= Ciderkin =

Ciderkin, sometimes referred to as water-cider, is a kind of weak alcoholic cider traditionally drunk by children, and made by steeping the refuse apple pomace in water.
Ciderkin is currently listed alongside Cheate bread and Butter on the "Bill of Fare" for the Plimoth Plantation 1627 Harvest Dinner with the Pilgrims. However, according to the Plimoth Plantation Food Historian, this is not true 17th century ciderkin; Plimoth uses the term to differentiate between modern pasteurized sweet cider, which is served to guests, and period hard cider. Stagecoach and Tavern Days, written by Alice Morse Earle, describes a 16th-century New Hampshire settler proudly recounting "he made one barrel of cider, one barrel of water-cider, and one barrel of charming good drink" from his first apple crop of eight bushels.
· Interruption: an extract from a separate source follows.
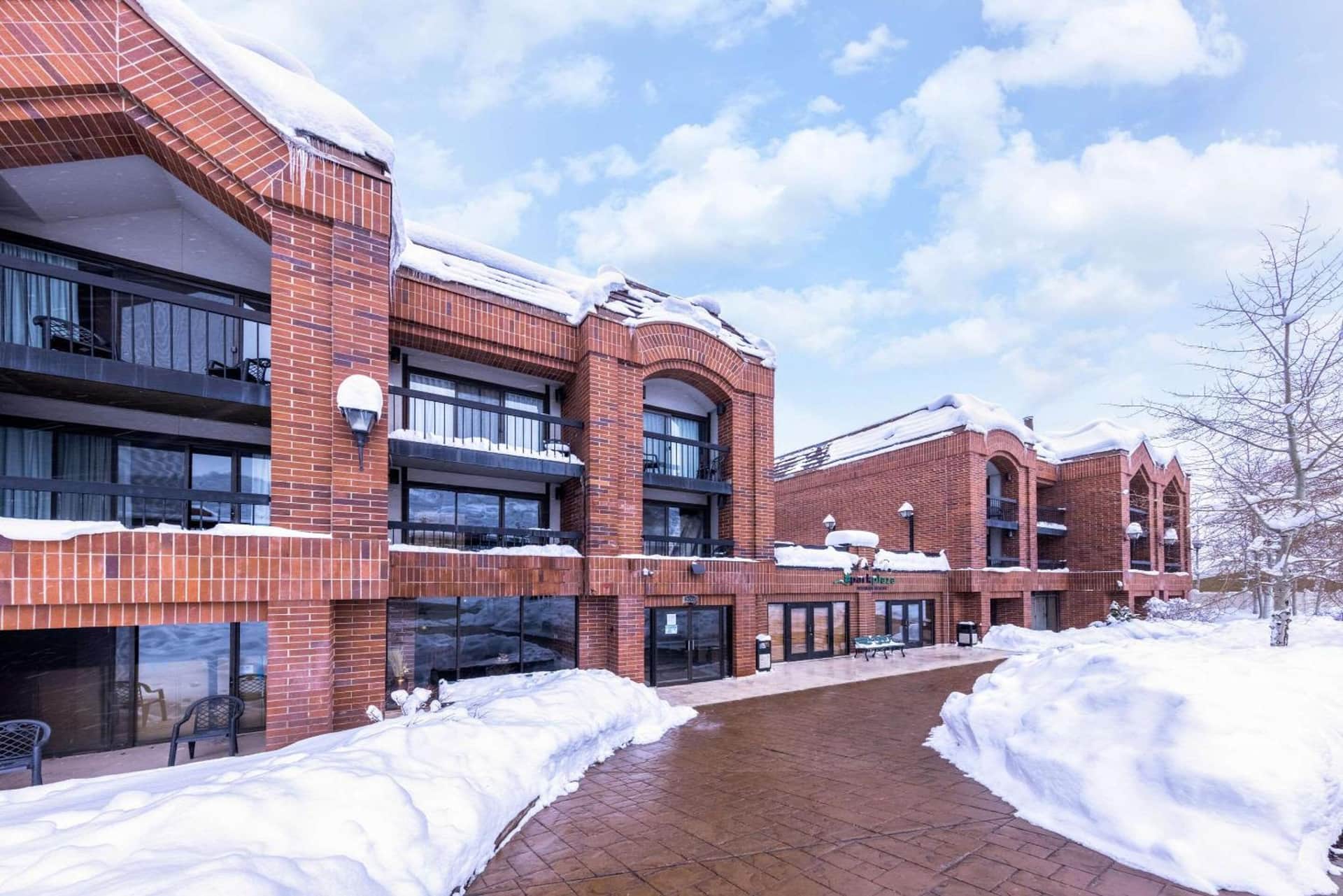 Park Plaza Resort, Ascend Hotel Collection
According to Earle:

Water-cider, or ciderkin, was a very weak, slightly cidery beverage, which was made by pouring water over the solid dregs left after the cider had been pressed from the pomace, and pressing it...sometimes a little molasses and ginger was added.

In Berkshire Stories, by Morgan Bulkeley, ciderkin "was deemed especially suitable for children", especially compared to the stronger ciders widely consumed during the American colonial period.